■ HOW TO COMPLETE THIS TASK: Make an exact copy of the listing below.

SUPPLIED DATA section start

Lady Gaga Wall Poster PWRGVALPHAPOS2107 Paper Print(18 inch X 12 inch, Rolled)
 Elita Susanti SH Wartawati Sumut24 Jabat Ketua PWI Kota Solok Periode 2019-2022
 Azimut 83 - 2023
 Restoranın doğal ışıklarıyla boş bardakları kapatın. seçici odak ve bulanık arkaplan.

SUPPLIED DATA section end

■ EXERCISE SOLUTION:
Lady Gaga Wall Poster PWRGVALPHAPOS2107 Paper Print(18 inch X 12 inch, Rolled)
 Elita Susanti SH Wartawati Sumut24 Jabat Ketua PWI Kota Solok Periode 2019-2022
 Azimut 83 - 2023
 Restoranın doğal ışıklarıyla boş bardakları kapatın. seçici odak ve bulanık arkaplan.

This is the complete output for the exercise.